Hopefully we will see a good critique of both books which point out the features of both which will advance the Kingdom.

Bruce C Wearne said...

Yes I tend to agree with Paola/Rudi comment. I wonder what Bookmaker would say about being dubbed a theologian. The suggestion that to talk about one's dependence upon God in everyday life makes one a "theologian" is I think a serious misconstrual of everyday life.

I haven't examined the book but I find some of the publishers comments and the comment made on the web about it strange to say the least

"A response to the classic work Modern Art and the Death of a Culture by H. R. Rookmaker, arguing that Rookmaaker was unnecessarily pessimistic in his assessment of modern art, overlooking the religious impulses that shaped much of modern art."

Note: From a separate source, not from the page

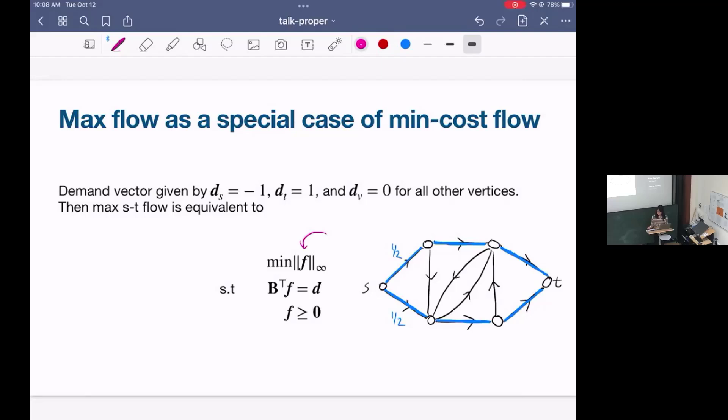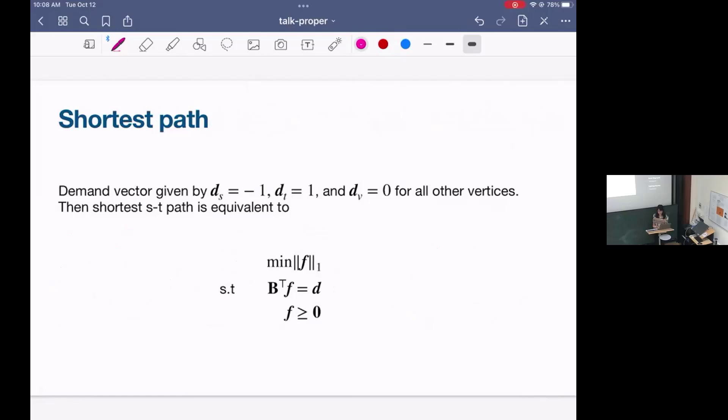Shortest path is also a special case of min-cost flow. Very similar to max flow, we have the same feasible set and the objective function we're minimizing is going to be the L1 norm. The longer your path is, the flow is the same value on every edge, so the longer it is, the larger this L1 norm is going to be. We're sending one unit of flow.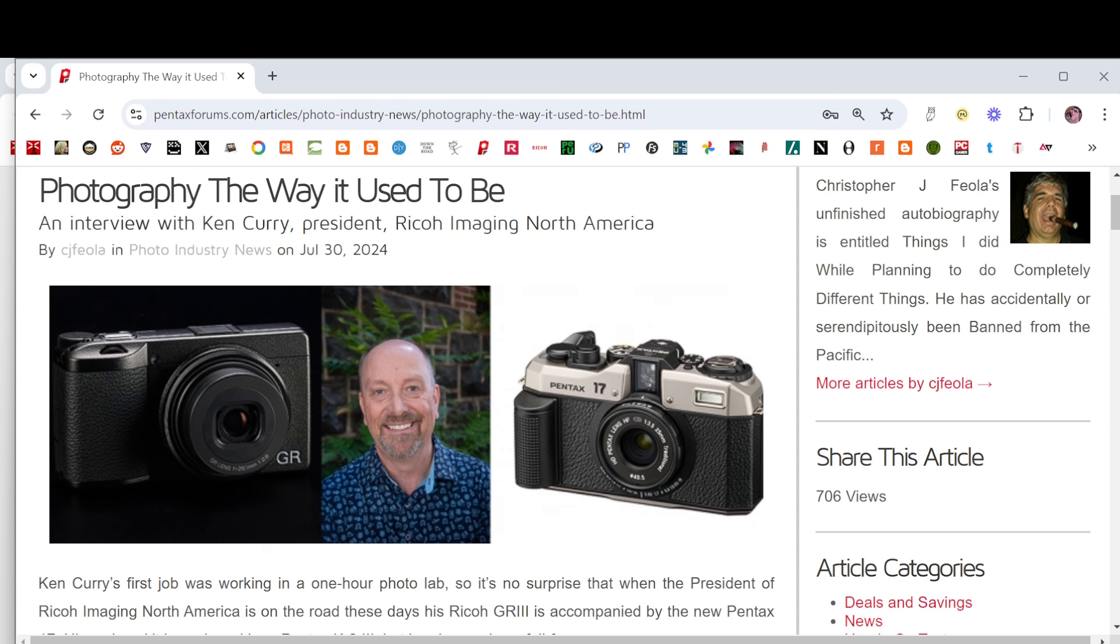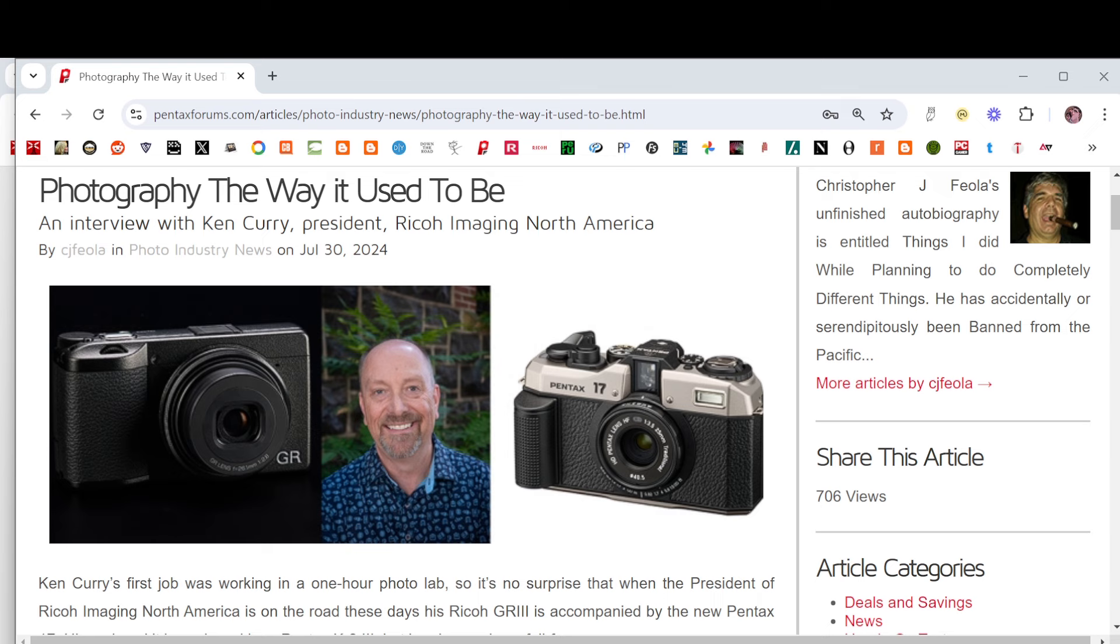Greetings! Pentax Forums staff writer Chris Viola here with the August 1st, 2024 edition of the Best of Pentax Forums, our weekly curated compendium of the best and most interesting of the hundreds and hundreds of images and posts in our community each week.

The phrase: "Rookmaaker was unnecessarily pessimistic in his assessment of modern art, overlooking the religious impulses that shaped much of modern art" seems to juxtapose pessimism.and religious impulses in an all too uncritical manner.

Of course Rookmaaker's historiography of art is not beyond criticism. My son, a graduate in Fine Art, found Rookmaker a pertinent starting point but had to concede it didn't get him very far when a rejigged post-structuralist historiography of art became dominant in his course. The above statement seems, at least on the surface, to ignore HRR's post-POW WWI experience of Nazism, and the fact that he gave himself the task of making a full-frontal historiographical confrontation with the "pessimism" that was implicit in "modern art", modern music ... . And that is not at all to deny that modern art expresses "strong religious impulses" - HRR was quite aware of Kandinsky's 1912 "On the Spiritual in Art".

Nevertheless, I sometimes wondered whether in his critique the converted post-colonial Dutch Christian who was introduced to reformational philosophy by Mekkes was "too theological" in his account.

But he certainly insisted that ART needed no (theological or other) justification.

One wonders whether the authors are facing squarely the extended crisis in which humanism is plunging - yes its synthesis with Christianity has been shrugged off. Western culture is in deep trouble, and many now consider Sartre's "atheistic nothingness" as a deeply religious orientation.

This reminds me of the all-too-American (booster) critique of Max Weber by Talcott Parsons in which the latter's critique was that Weber was too pessimistic - in other words Weber just wasn't American enough in his failure to adequately embrace the American ideal of what an ideal society should be.